WHAT YOU ARE ASKED TO DO:
Directions for the data below: repeat exactly the lines from the one with "Gebraucht Citroën C3" through the one with "Vatru gasile komšije, vatrogasci, svi", both included, and omit all pictures.

EXERCISE MATERIALS:
──────

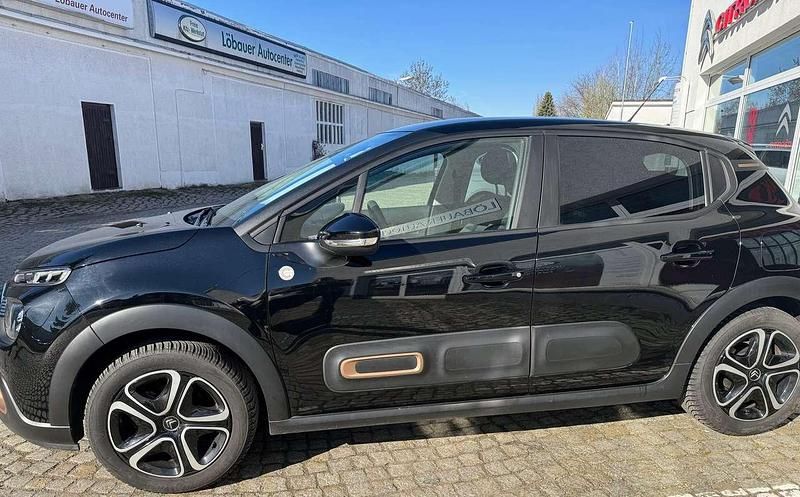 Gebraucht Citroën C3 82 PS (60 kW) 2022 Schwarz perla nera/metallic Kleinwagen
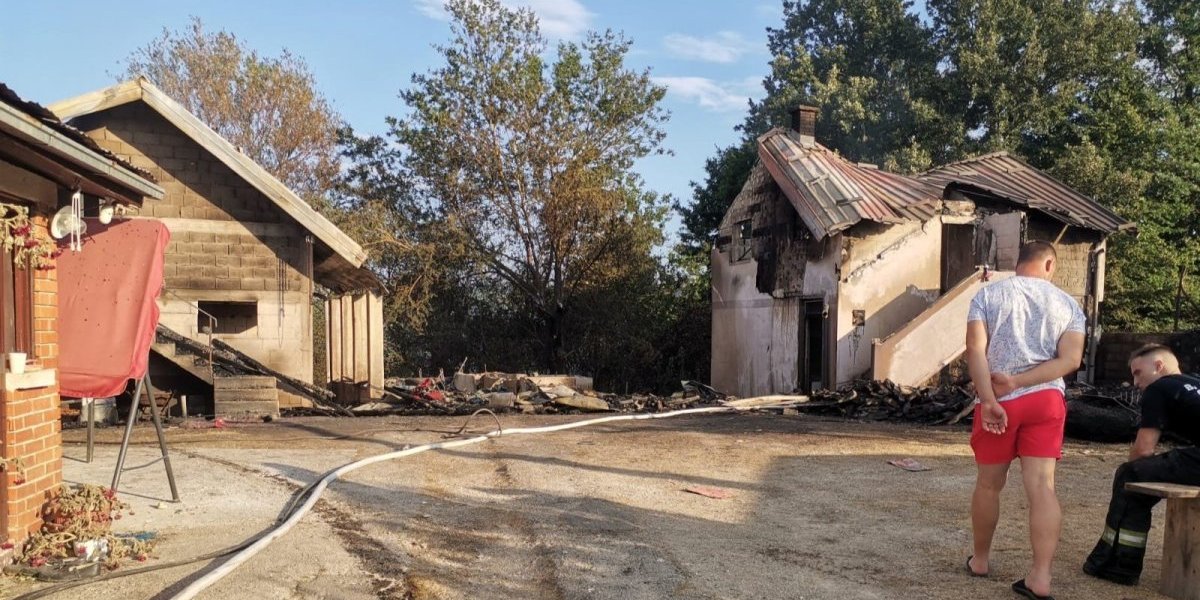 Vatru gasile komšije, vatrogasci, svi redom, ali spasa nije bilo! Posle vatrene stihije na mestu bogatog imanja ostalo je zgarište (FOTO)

──────

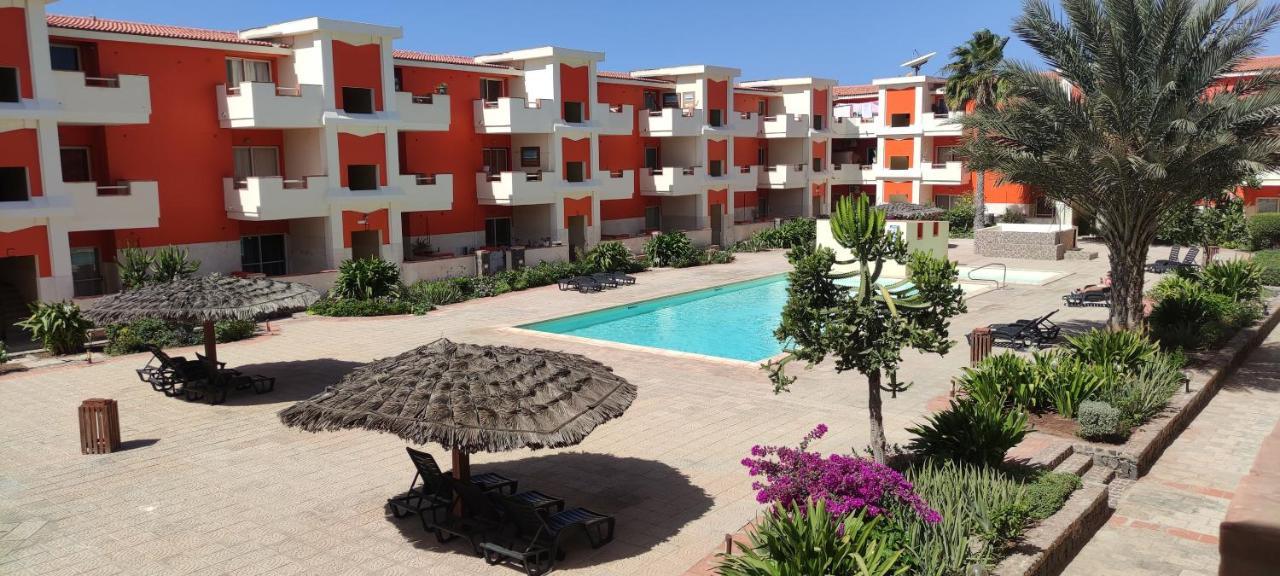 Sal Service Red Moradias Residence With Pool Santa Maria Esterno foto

──────

EXPECTED OUTPUT:
 Gebraucht Citroën C3 82 PS (60 kW) 2022 Schwarz perla nera/metallic Kleinwagen
 Vatru gasile komšije, vatrogasci, svi redom, ali spasa nije bilo! Posle vatrene stihije na mestu bogatog imanja ostalo je zgarište (FOTO)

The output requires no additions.